Thursday, September 6, 2012

The Best Horror of the Year: Volume Four, edited by Ellen Datlow. Night Shade Books, 2012


This is as good a collection of horror as you’re going to get. The book starts with Stephen King and ends with Peter Straub, and the authors in between are no slouches, either. There was only one story I didn’t like (Straub’s ‘The Ballad of Ballard and Sandrine’) and that’s not because it’s a bad story; it’s just not a style I care for.
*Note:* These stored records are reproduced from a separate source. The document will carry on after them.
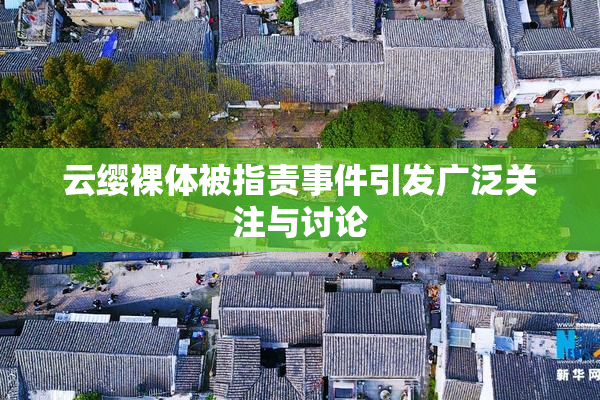 云缨裸体被指责事件引发广泛关注与讨论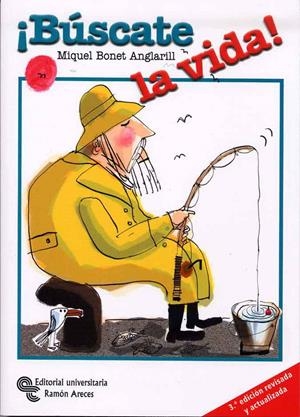 BÚSCATE LA VIDA¡ | 9788480048545 | BONET I ANGLARILL, MIQUEL | Llibreria La Puça | Llibreria online d'Arsèguel - Comprar llibres en català online - Llibres Andorra i Pirineu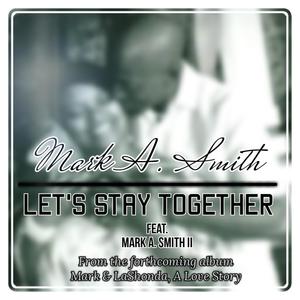 Let's Stay Together(feat. Mark A. Smith II) (Quiet Storm Mix)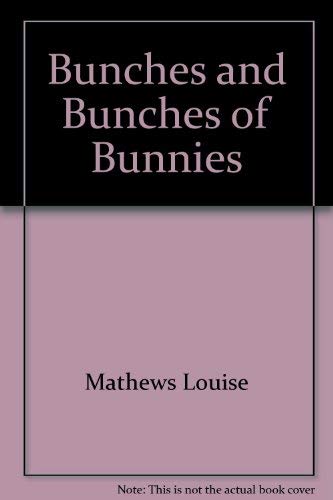 Stock image for Bunches and Bunches of Bunnies for sale by Better World Books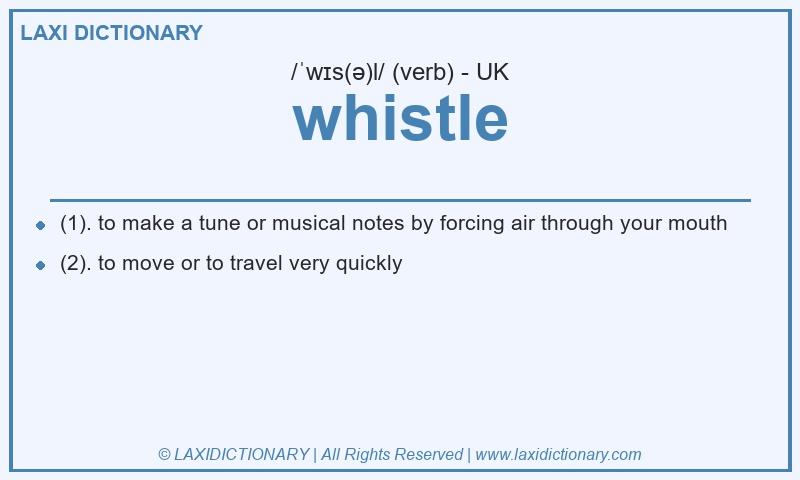 Definition whistle in British English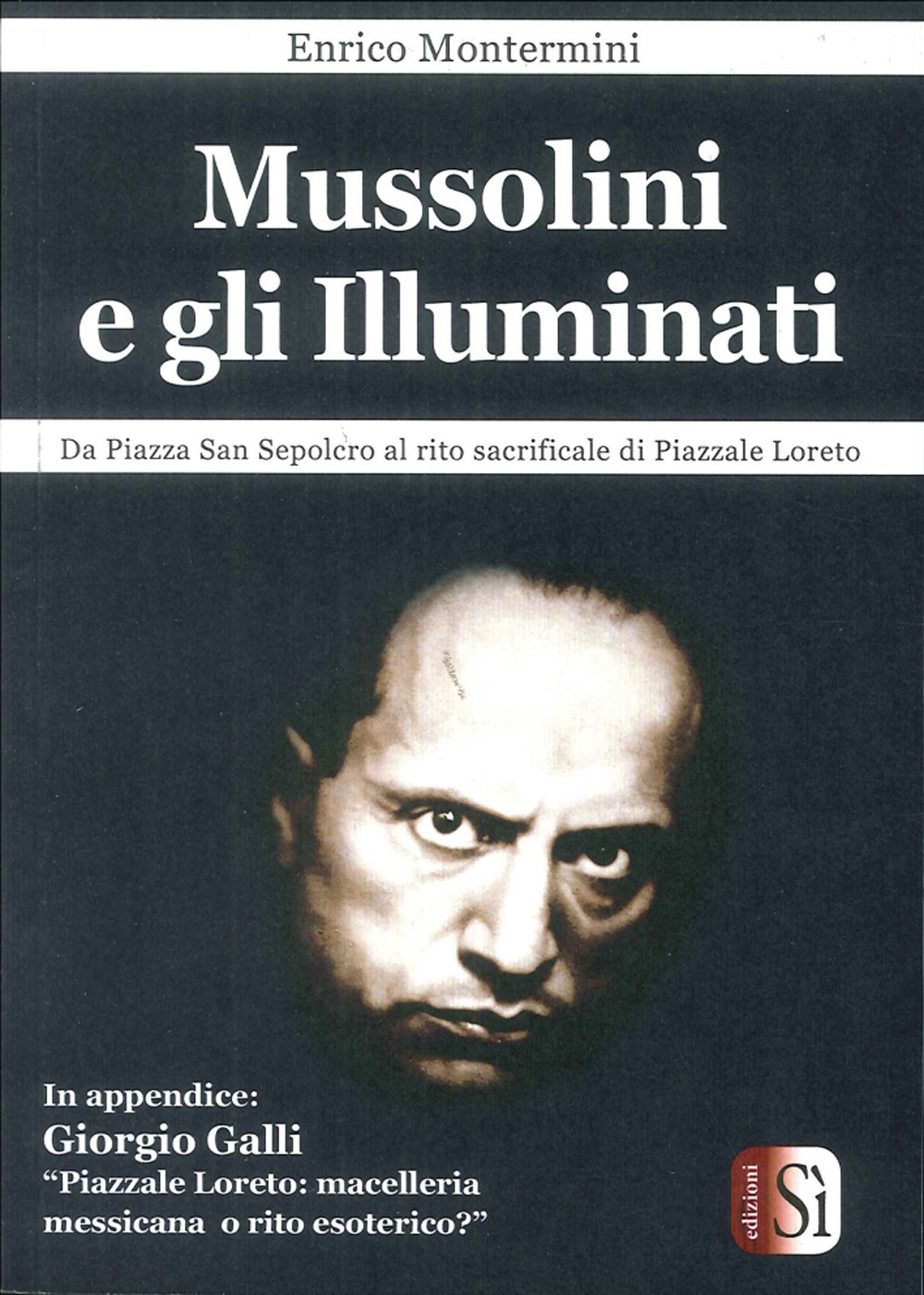 Mussolini e gli Illuminati. Da piazza San Sepolcro al rito …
The stories are all over the map in terms of style; Margo Lanagan’s ‘Mulberry Boys’ is set in a sort of alternate world, a sort of fantasy/horror cross; Littlewood’s ‘Black Feathers’ rather reminded me of Bradbury; Laird Barron’s story put me in mind of Algernon Blackwood and I don’t think that was just because the name of the story is ‘Blackwood’s Baby’. Some are set in cities; some in the remote woods. This collection shows us horror in every setting. The one that I found the most unsettling was ‘The Moraine’ by Simon Bestwick, where a husband and wife get trapped on a mountainside by heavy fog, only to discover that it’s not just the exposure to cold they need to worry about. The horror in that one comes from a direction that one would never think of and, yes, we do have areas of moraine on the hill on the back of the property…

It’s not often I find an anthology that is so even in quality all the way through. I highly recommend this one!